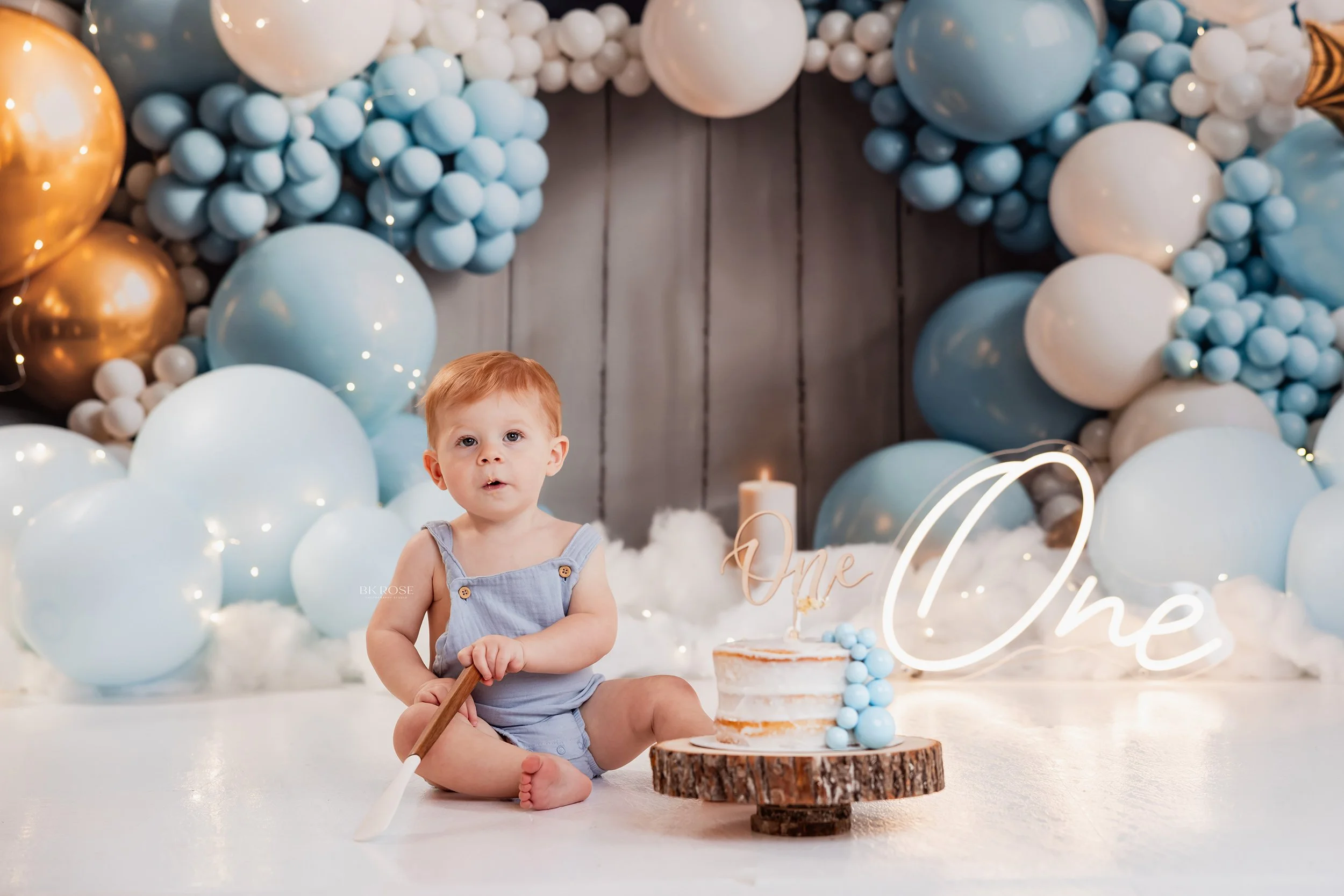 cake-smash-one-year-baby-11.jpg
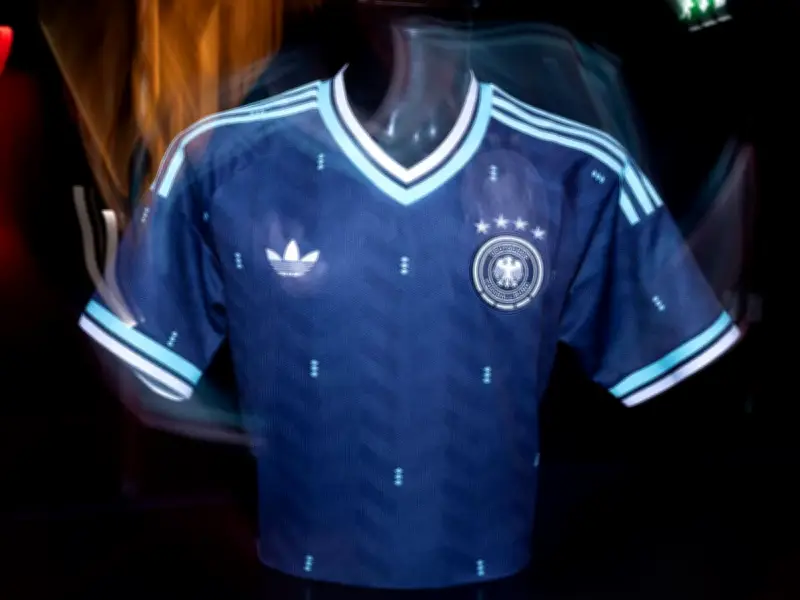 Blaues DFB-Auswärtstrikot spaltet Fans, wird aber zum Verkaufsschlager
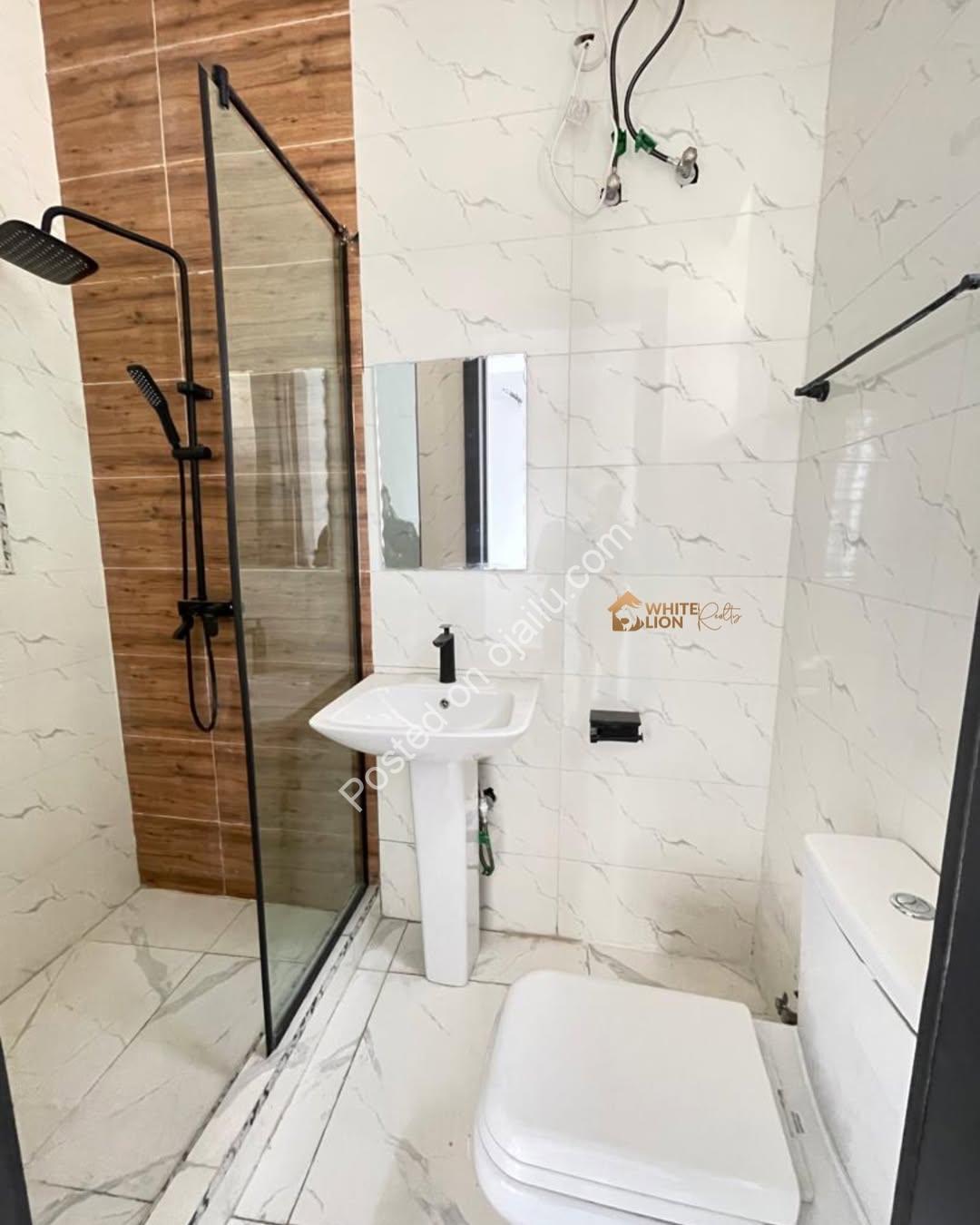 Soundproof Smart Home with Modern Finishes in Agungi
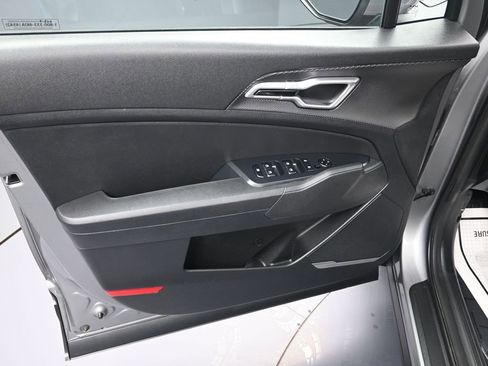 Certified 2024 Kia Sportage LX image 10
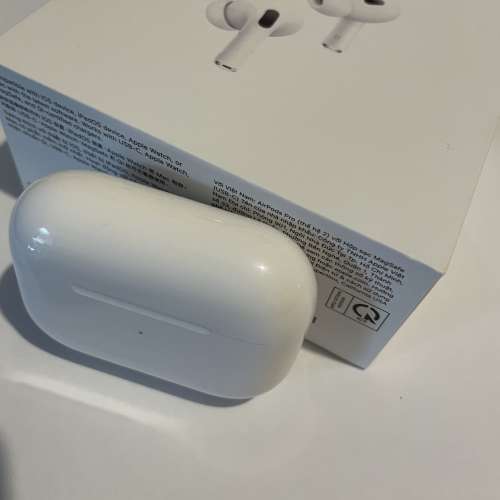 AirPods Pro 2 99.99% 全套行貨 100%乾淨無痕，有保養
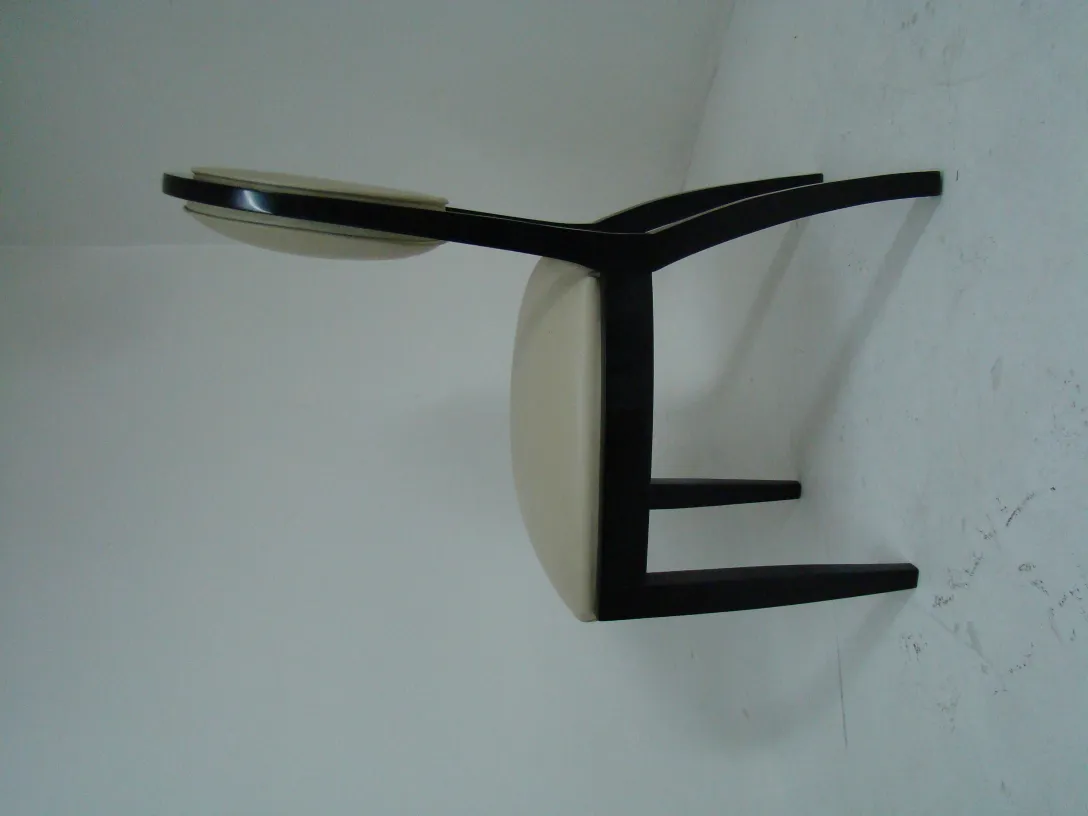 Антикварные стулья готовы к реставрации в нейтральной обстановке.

==

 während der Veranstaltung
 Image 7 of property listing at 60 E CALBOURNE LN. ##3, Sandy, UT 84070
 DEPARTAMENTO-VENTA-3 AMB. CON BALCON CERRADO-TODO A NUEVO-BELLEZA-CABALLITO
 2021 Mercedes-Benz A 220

- _Directions_
Retype the records above, but only those lines that fall between the line containing "während der Veranstaltung" and the line containing "2021 Mercedes-Benz A 220", with both of those lines included, exactly as written.

- _Expected answer_
 während der Veranstaltung
 Image 7 of property listing at 60 E CALBOURNE LN. ##3, Sandy, UT 84070
 DEPARTAMENTO-VENTA-3 AMB. CON BALCON CERRADO-TODO A NUEVO-BELLEZA-CABALLITO
 2021 Mercedes-Benz A 220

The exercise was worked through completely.